188 The Great Controversy
The priests, bent upon keeping the popular fury at its height, circulated
the most terrible accusations against the Protestants. They
were charged with plotting to massacre the Catholics, to overthrow
the government, and to murder the king. Not a shadow of evidence
could be produced in support of the allegations. Yet these prophecies
of evil were to have a fulfillment; under far different circumstances,
however, and from causes of an opposite character. The cruelties that
were inflicted upon the innocent Protestants by the Catholics accumulated
in a weight of retribution, and in after centuries wrought the
very doom they had predicted to be impending, upon the king, his
[227] government, and his subjects; but it was brought about by infidels
and by the papists themselves. It was not the establishment, but the
suppression, of Protestantism, that, three hundred years later, was to
bring upon France these dire calamities.
Suspicion, distrust, and terror now pervaded all classes of society.
Amid the general alarm it was seen how deep a hold the Lutheran
teaching had gained upon the minds of men who stood highest for
education, influence, and excellence of character. Positions of trust
and honor were suddenly found vacant. Artisans, printers, scholars,
professors in the universities, authors, and even courtiers, disappeared.
Hundreds fled from Paris, self-constituted exiles from their native
land, in many cases thus giving the first intimation that they favored
the reformed faith. The papists looked about them in amazement at
thought of the unsuspected heretics that had been tolerated among
them. Their rage spent itself upon the multitudes of humbler victims
who were within their power. The prisons were crowded, and the very
air seemed darkened with the smoke of burning piles, kindled for the
confessors of the gospel.
Francis I had gloried in being a leader in the great movement for the
revival of learning which marked the opening of the sixteenth century.
He had delighted to gather at his court men of letters from every
country. To his love of learning and his contempt for the ignorance
and superstition of the monks was due, in part at least, the degree of
toleration that had been granted to the reform. But, inspired with zeal
to stamp out heresy, this patron of learning issued an edict declaring
printing abolished all over France! Francis I presents one among the
many examples on record showing that intellectual culture is not a
safeguard against religious intolerance and persecution.
French Reformation 189
France by a solemn and public ceremony was to commit herself
fully to the destruction of Protestantism. The priests demanded that
the affront offered to High Heaven in the condemnation of the mass be
expiated in blood, and that the king, in behalf of his people, publicly
give his sanction to the dreadful work. [228]

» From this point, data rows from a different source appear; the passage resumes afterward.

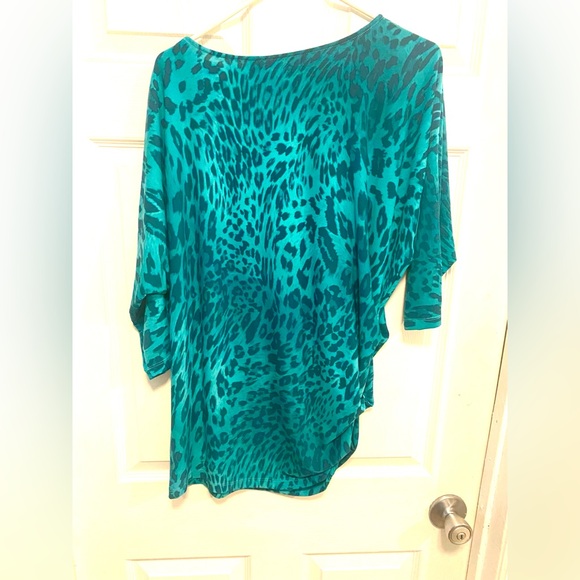 IMAN Turquoise Animal Print Blouse - Picture 2 of 7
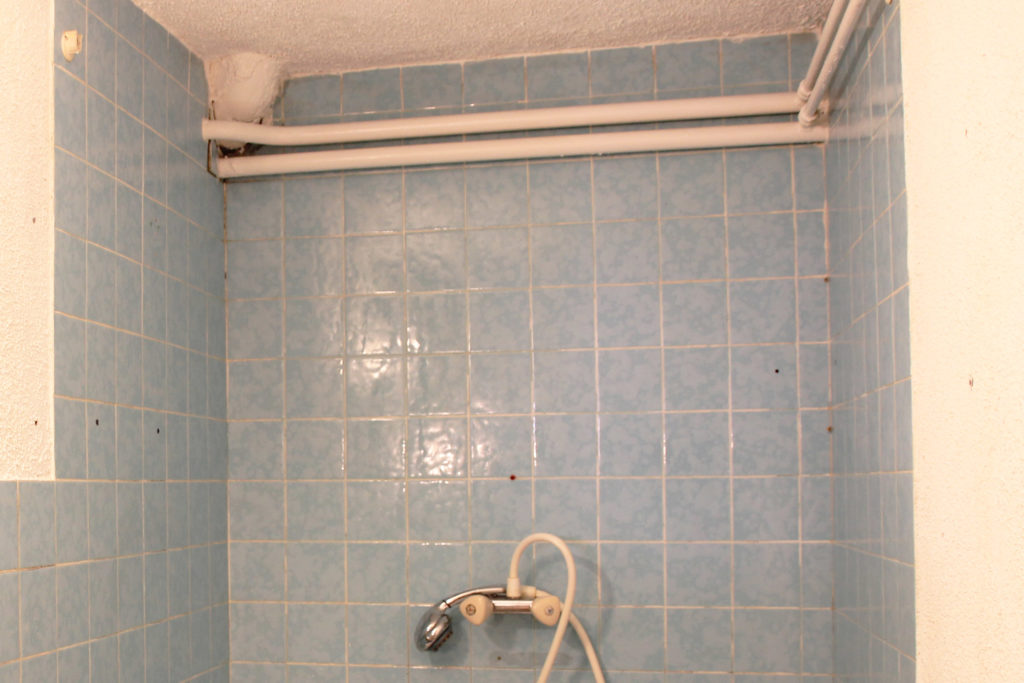 apprenez à repeindre facilement le carrelage de votre salle de bain pour lui donner un coup de neuf sans gros travaux.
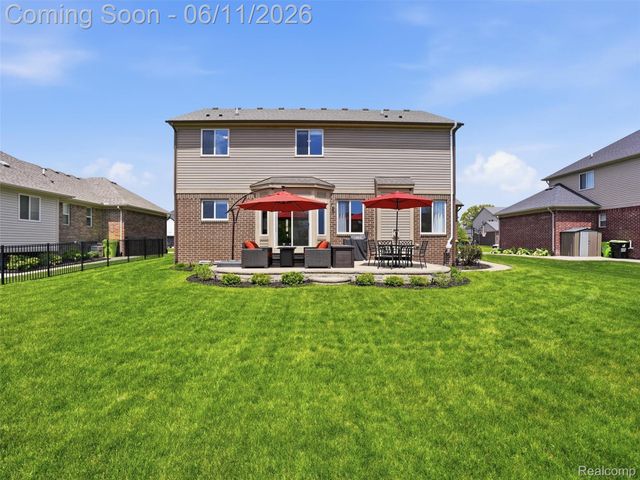 29684 Kevin Drive, Chesterfield Township, MI 48051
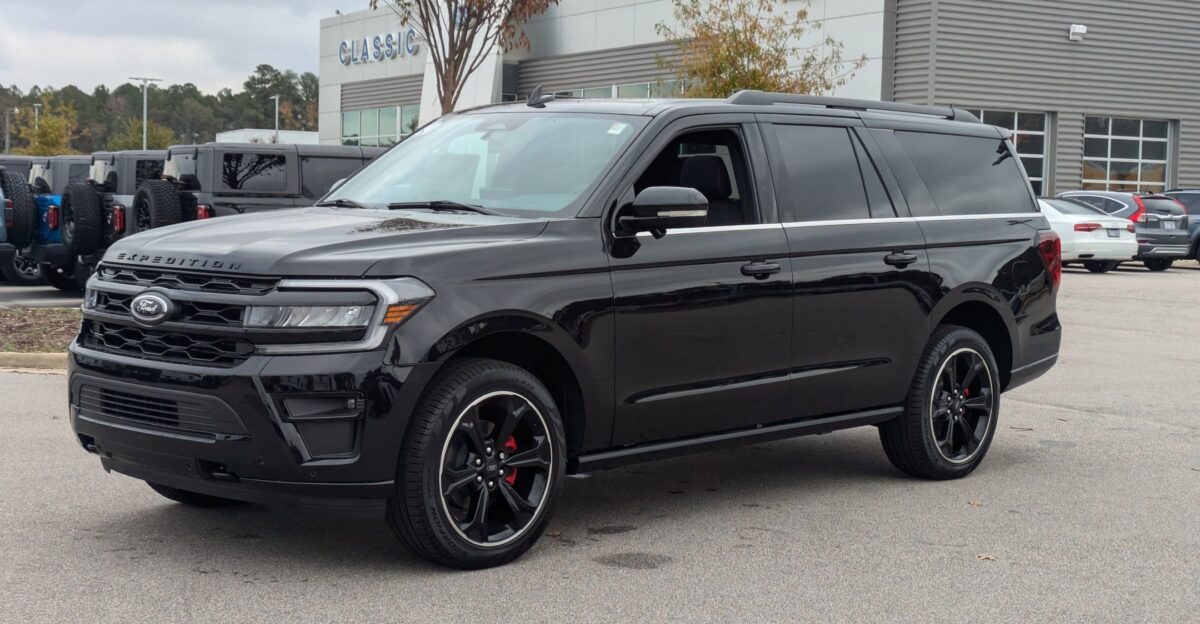 New 2024 Ford Expedition Max Limited Sport Utility in Columbia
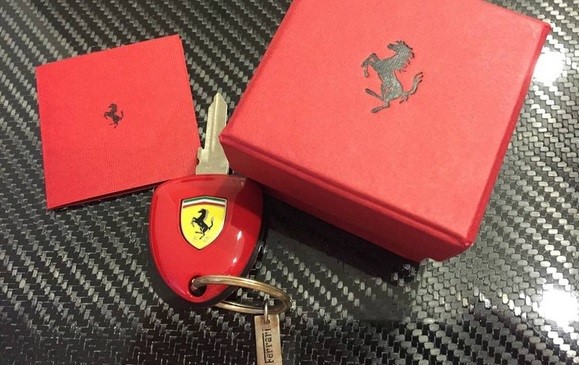Làm chìa khóa Ferrari – hình minh họa 2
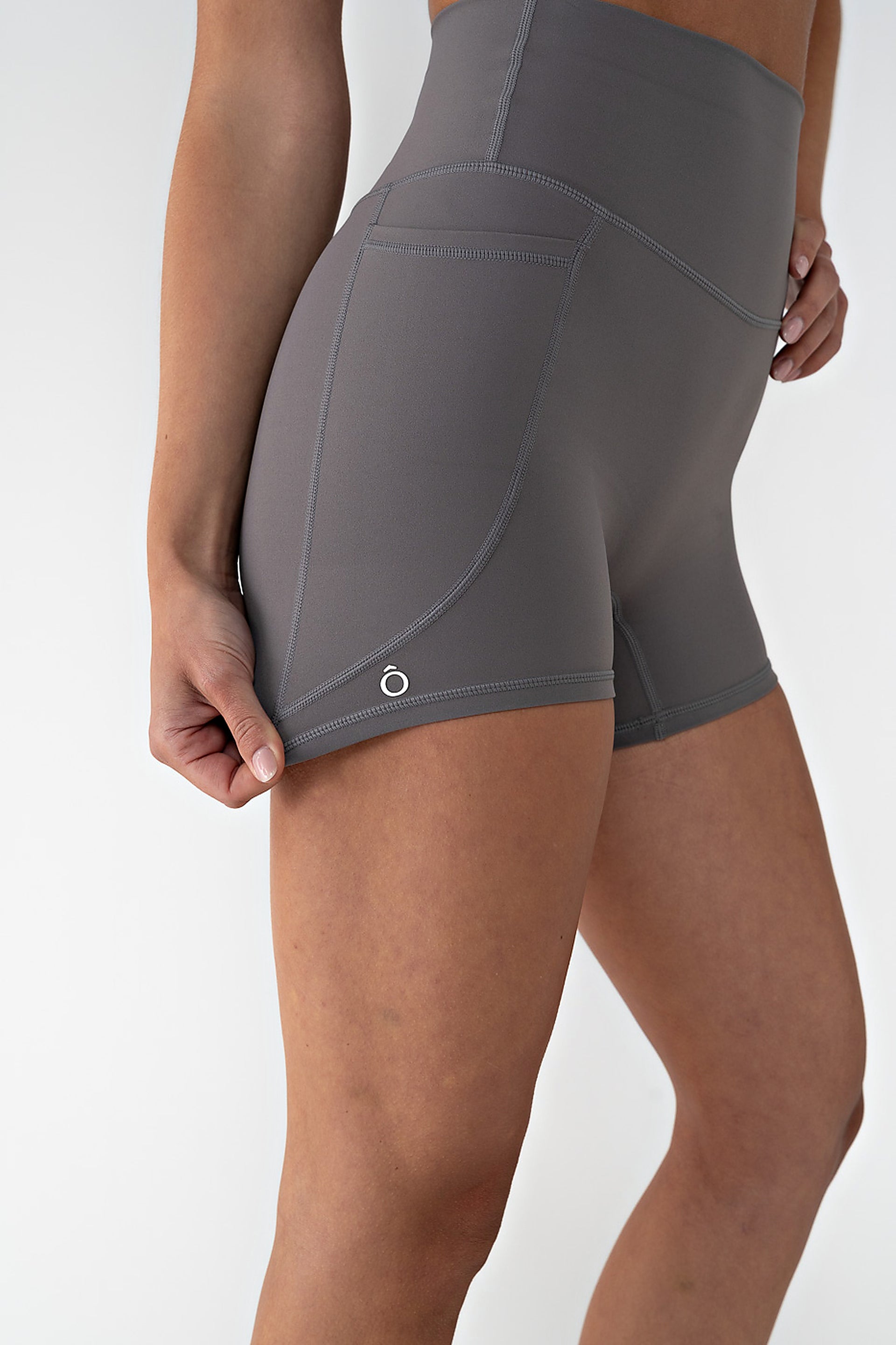 Maia Short in Ultimate Grey, ÔNNE activewear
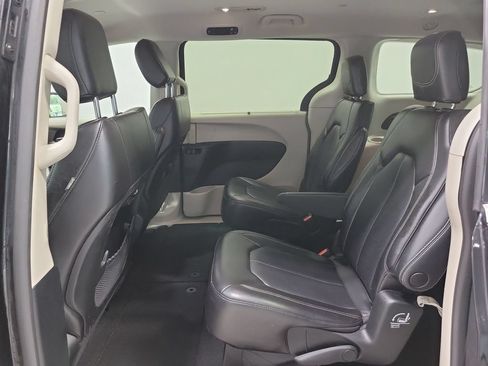 Certified 2023 Chrysler Pacifica Touring-L FWD image 26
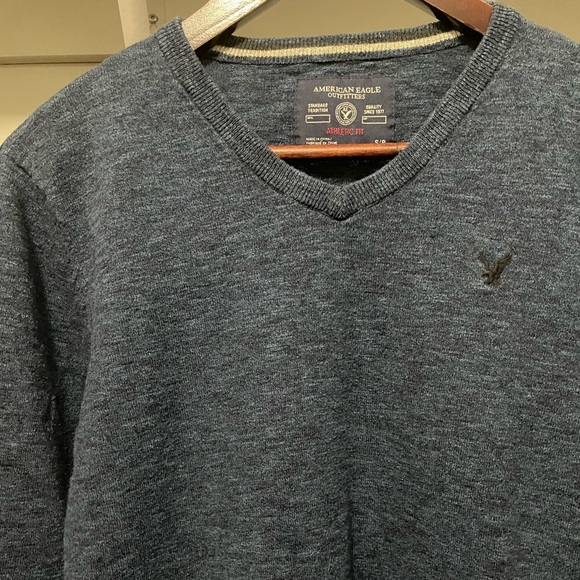 American Eagle Men’s V-Neck Sweater Dark Navy - Picture 3 of 3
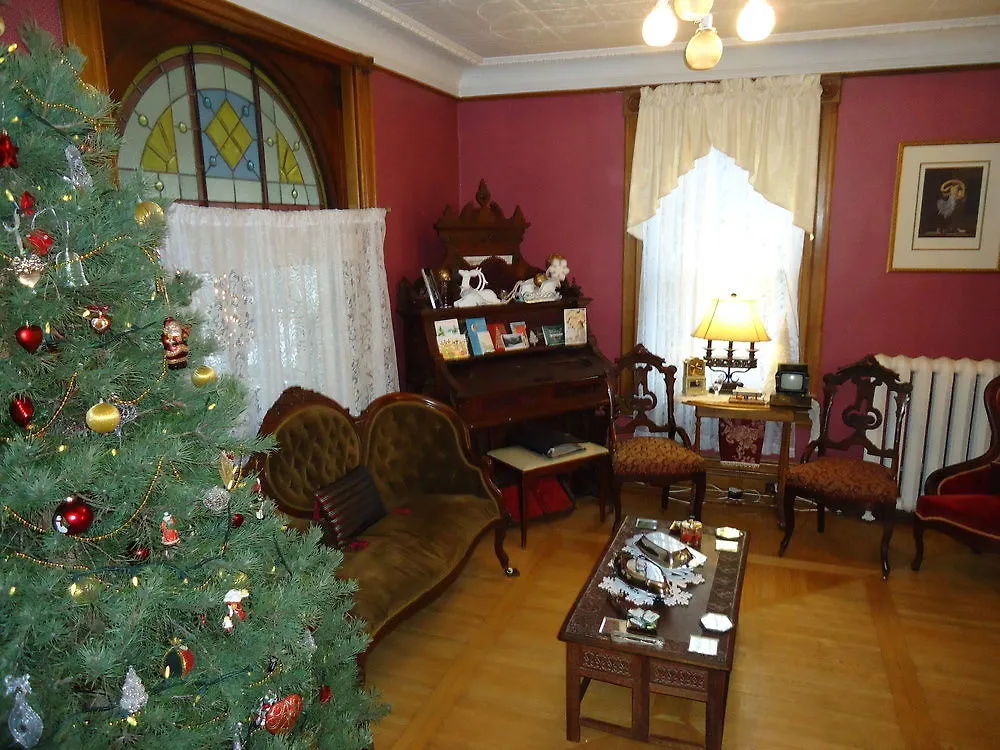 Absolute Elegance Bed And Breakfast Niagara Falls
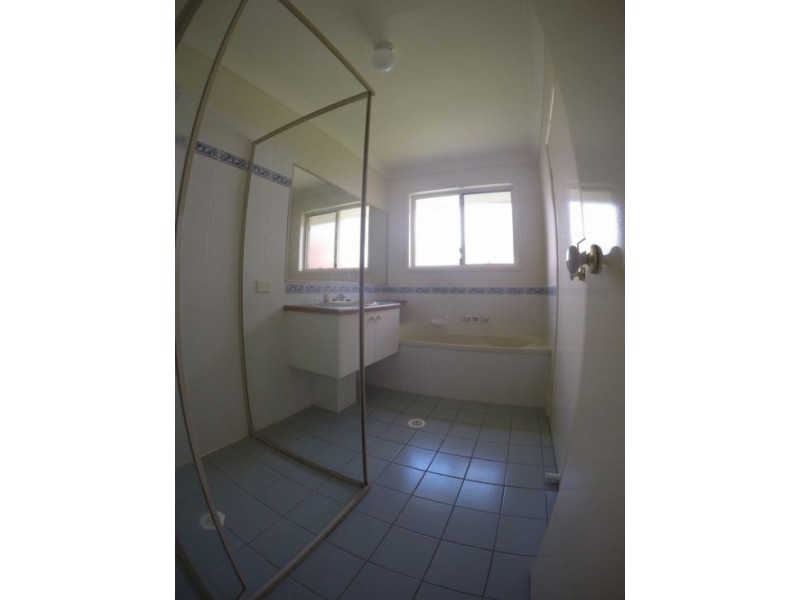 72 Glasshouse Crescent, Forest Lake QLD 4078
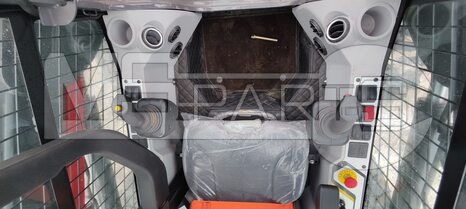 Фото: Электрический Мини-погрузчик XCMG ESR740RU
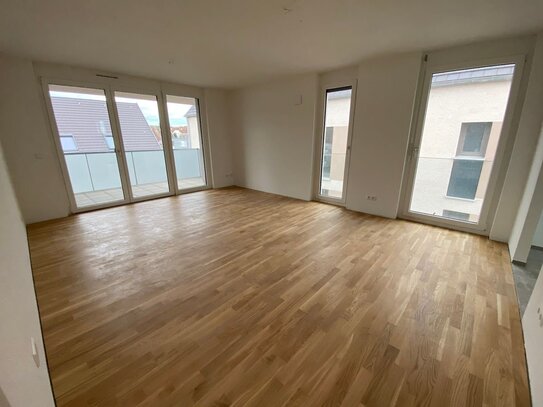 Ansprechende, großzügige und helle 4-Zimmer-Wohnung mit zwei Tiefgaragenstellplätzen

The 21st of January, 1535, was fixed upon for the awful ceremonial.
The superstitious fears and bigoted hatred of the whole nation had
been roused. Paris was thronged with the multitudes that from all the
surrounding country crowded her streets. The day was to be ushered
in by a vast and imposing procession. “The houses along the line of
march were hung with mourning drapery, and altars rose at intervals.”
Before every door was a lighted torch in honor of the “holy sacrament.”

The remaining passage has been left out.